The Cantabrian Lucía Casanueva (Santander, 1975) decided to found her company, PROA Comunicación, in 2008, at the height of the Lehman Brothers collapse. The critical situation that arose did not deter her because the businesswoman, who is also a mountaineer and is used to climbing, wanted to take on the challenge. "I decided to set up my project when I reached the base camp of Manaslu, which is an 8,000 in Nepal, and I thought that if I had been able to do that, that you have to have a bit of courage, I could also be an entrepreneur. The result of that challenge more than 15 years later is an agency with a staff of 20 professionals and which appears in the ranking of the hundred best communication consultancies in Spain published by El Publicista.

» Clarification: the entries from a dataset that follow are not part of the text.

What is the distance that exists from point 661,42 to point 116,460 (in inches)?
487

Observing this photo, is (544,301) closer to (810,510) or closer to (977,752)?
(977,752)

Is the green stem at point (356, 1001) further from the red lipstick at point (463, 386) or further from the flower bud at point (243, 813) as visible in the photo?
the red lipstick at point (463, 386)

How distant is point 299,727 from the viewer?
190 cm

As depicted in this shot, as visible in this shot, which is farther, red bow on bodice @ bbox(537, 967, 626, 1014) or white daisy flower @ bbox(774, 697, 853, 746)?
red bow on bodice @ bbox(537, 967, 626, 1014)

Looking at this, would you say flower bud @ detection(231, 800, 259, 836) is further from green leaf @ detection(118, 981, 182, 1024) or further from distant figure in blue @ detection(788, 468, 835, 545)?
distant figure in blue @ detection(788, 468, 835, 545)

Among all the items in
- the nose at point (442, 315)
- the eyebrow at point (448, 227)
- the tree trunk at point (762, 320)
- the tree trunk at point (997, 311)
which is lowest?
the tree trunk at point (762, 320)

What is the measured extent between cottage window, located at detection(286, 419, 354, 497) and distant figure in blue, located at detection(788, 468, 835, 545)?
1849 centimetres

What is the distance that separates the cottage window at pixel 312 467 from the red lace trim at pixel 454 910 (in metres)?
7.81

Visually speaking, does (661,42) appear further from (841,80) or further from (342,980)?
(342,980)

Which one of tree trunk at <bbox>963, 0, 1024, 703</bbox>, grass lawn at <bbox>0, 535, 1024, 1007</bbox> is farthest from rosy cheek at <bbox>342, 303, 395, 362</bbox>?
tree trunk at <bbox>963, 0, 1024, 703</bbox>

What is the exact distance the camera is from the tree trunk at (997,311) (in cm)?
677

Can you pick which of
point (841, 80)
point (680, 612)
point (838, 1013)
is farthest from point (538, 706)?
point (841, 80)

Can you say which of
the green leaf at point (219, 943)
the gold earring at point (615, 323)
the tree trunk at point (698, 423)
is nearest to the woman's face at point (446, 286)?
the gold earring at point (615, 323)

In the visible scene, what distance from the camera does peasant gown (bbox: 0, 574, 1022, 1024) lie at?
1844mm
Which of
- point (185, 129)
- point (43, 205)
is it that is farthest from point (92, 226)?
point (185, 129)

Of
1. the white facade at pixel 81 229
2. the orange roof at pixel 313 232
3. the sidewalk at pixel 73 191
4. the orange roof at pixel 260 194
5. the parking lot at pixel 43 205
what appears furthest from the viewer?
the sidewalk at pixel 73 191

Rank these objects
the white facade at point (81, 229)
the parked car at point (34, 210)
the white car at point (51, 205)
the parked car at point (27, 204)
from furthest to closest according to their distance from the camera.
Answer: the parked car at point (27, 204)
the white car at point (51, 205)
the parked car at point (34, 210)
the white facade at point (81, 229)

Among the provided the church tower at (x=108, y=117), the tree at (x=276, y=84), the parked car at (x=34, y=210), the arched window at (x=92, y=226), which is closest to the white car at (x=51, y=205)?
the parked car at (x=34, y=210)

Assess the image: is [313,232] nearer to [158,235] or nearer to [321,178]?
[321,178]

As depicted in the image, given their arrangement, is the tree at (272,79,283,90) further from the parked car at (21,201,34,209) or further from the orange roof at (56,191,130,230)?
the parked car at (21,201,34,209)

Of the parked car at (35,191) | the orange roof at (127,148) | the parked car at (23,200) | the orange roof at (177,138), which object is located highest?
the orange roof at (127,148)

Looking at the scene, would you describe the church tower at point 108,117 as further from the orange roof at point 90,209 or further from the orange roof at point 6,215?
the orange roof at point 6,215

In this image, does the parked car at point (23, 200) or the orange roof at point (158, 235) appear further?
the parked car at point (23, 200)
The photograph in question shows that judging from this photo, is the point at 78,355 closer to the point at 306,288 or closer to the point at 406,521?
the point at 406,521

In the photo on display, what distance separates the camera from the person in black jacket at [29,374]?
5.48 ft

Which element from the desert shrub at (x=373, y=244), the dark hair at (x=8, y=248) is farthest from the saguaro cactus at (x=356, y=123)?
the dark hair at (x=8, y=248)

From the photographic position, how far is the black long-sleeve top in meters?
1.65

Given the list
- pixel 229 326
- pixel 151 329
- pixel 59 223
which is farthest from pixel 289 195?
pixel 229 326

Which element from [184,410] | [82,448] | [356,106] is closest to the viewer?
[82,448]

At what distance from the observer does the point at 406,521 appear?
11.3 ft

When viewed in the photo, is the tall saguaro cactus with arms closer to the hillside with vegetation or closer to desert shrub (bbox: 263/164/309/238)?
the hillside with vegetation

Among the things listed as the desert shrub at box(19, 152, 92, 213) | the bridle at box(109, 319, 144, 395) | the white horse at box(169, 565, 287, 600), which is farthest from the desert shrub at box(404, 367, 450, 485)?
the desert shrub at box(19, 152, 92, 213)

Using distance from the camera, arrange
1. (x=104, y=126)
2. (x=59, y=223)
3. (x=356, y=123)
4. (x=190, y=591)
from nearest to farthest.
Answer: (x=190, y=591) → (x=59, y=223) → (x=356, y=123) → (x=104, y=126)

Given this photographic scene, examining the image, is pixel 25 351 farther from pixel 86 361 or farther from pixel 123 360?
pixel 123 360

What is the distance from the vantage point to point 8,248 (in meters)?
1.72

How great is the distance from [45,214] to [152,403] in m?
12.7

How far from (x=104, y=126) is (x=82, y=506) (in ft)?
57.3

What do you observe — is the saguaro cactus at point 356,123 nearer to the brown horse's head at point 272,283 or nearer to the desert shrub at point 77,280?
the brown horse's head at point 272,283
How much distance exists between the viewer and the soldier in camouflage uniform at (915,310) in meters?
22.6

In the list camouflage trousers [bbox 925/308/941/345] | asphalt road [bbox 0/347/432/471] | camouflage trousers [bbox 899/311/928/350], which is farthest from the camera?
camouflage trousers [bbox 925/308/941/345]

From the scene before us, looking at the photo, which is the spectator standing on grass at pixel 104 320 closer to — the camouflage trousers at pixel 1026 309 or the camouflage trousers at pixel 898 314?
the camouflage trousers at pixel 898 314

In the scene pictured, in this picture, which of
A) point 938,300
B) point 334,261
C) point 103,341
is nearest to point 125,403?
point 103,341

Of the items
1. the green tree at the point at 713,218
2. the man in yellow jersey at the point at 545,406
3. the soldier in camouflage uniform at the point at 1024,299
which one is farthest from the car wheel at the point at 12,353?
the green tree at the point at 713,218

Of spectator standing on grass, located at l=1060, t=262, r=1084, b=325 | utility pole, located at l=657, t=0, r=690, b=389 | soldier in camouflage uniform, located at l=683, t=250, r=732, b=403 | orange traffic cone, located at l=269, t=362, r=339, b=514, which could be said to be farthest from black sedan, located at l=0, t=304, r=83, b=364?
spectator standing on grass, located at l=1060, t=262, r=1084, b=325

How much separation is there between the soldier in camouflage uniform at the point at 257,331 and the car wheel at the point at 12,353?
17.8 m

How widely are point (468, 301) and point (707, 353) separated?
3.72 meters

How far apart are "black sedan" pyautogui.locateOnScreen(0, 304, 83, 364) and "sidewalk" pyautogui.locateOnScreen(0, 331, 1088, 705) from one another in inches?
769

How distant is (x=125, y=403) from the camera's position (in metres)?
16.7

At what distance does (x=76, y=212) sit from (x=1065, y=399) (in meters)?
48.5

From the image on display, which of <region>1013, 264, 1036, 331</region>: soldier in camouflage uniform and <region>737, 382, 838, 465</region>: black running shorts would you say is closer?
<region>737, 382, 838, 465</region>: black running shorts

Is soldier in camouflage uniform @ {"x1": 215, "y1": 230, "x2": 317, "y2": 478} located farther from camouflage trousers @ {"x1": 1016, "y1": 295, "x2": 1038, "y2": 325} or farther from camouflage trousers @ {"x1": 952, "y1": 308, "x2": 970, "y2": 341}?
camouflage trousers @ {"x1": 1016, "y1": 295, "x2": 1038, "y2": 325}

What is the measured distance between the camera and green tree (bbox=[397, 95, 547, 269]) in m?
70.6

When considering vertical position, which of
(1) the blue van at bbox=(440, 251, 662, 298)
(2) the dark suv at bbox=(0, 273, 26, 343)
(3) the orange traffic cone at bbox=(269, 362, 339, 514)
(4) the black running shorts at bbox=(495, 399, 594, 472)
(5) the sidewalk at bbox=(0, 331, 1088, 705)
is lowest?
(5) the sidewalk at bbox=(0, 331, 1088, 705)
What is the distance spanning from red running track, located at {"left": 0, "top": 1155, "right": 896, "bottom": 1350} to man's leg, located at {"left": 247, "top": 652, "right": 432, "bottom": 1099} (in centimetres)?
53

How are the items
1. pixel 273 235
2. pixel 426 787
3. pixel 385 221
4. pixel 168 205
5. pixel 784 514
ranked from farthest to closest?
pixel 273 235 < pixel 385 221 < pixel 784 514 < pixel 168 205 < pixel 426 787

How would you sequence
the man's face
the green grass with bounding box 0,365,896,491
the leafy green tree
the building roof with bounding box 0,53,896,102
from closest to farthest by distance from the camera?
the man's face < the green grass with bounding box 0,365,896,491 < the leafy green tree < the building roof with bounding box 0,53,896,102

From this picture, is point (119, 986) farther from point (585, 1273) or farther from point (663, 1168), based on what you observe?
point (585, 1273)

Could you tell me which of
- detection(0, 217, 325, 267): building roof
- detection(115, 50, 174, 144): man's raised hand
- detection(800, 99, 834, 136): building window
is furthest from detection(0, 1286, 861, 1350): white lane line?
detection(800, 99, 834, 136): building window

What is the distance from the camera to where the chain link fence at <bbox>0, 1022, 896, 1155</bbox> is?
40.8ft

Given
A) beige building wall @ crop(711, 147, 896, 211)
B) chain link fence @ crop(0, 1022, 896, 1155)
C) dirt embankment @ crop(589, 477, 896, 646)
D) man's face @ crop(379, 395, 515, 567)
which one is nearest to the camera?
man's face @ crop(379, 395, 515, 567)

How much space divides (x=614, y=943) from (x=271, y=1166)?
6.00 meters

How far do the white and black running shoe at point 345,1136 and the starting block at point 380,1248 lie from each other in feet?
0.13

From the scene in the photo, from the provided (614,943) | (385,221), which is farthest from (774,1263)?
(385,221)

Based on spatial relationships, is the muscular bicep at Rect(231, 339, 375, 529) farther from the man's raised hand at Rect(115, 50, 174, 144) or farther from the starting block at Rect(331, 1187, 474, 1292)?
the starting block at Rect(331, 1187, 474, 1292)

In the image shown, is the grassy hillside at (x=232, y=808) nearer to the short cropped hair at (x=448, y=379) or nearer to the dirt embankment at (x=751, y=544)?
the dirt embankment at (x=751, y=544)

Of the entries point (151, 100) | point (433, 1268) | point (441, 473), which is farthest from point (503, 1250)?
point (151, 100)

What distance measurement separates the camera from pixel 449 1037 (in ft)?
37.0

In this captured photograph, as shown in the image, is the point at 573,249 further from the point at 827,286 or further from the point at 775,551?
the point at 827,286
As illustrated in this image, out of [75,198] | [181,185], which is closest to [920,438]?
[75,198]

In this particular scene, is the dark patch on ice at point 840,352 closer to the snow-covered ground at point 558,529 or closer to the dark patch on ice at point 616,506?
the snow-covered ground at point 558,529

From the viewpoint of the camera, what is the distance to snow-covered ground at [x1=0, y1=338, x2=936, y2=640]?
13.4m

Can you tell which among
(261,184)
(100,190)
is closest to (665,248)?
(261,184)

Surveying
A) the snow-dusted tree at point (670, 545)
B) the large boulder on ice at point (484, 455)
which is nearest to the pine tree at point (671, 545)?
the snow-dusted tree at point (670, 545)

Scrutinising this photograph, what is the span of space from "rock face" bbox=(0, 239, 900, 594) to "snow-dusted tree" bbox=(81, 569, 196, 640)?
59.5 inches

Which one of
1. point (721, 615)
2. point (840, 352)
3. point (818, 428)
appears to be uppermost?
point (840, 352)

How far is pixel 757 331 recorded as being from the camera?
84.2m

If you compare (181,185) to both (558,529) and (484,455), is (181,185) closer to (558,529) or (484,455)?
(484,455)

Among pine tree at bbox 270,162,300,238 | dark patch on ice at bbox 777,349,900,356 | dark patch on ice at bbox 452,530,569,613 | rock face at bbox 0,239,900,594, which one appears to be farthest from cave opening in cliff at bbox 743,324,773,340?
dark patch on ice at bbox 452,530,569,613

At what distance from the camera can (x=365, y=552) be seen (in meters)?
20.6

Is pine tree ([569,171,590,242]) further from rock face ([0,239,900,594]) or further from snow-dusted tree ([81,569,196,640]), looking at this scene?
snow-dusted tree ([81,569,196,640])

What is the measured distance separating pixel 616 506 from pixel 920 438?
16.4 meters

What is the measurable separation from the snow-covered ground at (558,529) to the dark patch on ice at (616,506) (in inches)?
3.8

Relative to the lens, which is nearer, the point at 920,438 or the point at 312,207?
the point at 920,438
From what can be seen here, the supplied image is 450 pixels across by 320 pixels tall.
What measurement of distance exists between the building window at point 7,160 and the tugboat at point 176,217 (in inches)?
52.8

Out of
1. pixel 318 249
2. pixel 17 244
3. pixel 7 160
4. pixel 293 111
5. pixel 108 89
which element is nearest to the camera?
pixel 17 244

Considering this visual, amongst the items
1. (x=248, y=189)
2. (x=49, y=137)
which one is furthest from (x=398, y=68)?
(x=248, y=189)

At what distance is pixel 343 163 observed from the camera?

Casanueva decided to embark on a solo career after years of professional experience working in Germany and the UK, as well as in Spain, in leading multinationals in the sector such as LLYC, Kreab and Edelman. Already with the PROA brand, one of his main milestones was the management of the crisis communication of the train accident in Santiago de Compostela in 2013. "That was a crisis communication case that was very complex in the first instance, because there were many victims and it required very intense work during the summer months," she says.
His client portfolio also includes brands such as Lacoste, Artá Capital and Mercapital. He also advised the Spanish construction company OHL when it decided to take a stake in the capital of Inmobiliaria Colonial, a highly publicised operation in the midst of the real estate crisis. His activity is closely linked to business news, which is why in recent years he has also been taking on communication projects linked to the defence sector. "I think it is an area in which we have to do a great job of educating different audiences," he explains in response to the question of how to approach the image of a sector that has traditionally been so reviled in our country.
In this way, Casanueva - who in 2015 decided to join forces with another partner, Valvanuz Serna, also from Santander, to run PROA - anticipated the boom in communication agencies with the arrival of social networks, which led to an "overpopulation of the sector". Casanueva herself acknowledges this and predicts that "as in other areas, there will be movements of concentration". Regarding the use of artificial intelligence, she acknowledges that it has been used in her company "for a long time" because "trying to fight against AI is like trying to plough in the sea and it allows us to be more productive". However, he stresses that "it will be a driver, but the human factor can never be absent, you will always need a person to help you design your corporate story well. Communication is no longer something optional, it is something necessary, you can't let someone else tell your story for you". As a communication expert and a Cantabrian, Casanueva defends the slogan 'infinite Cantabria'. "It sums it up well because it is truly infinite, it has everything and it is just a stone's throw away," she says.
Although he acknowledges that it lacks better communications. "I live mainly in Madrid but whenever I can I escape to Santander and I think that this community really needs a faster train and competitive air fares because what this region sells is totally aspirational and many people would love to live here". Although she confesses that she is part of the "exodus of people who have had to develop their professional careers abroad" because her work makes it impossible for her not to live in the capital, she does not believe that being from Cantabria has been a handicap, on the contrary, "it is a privilege".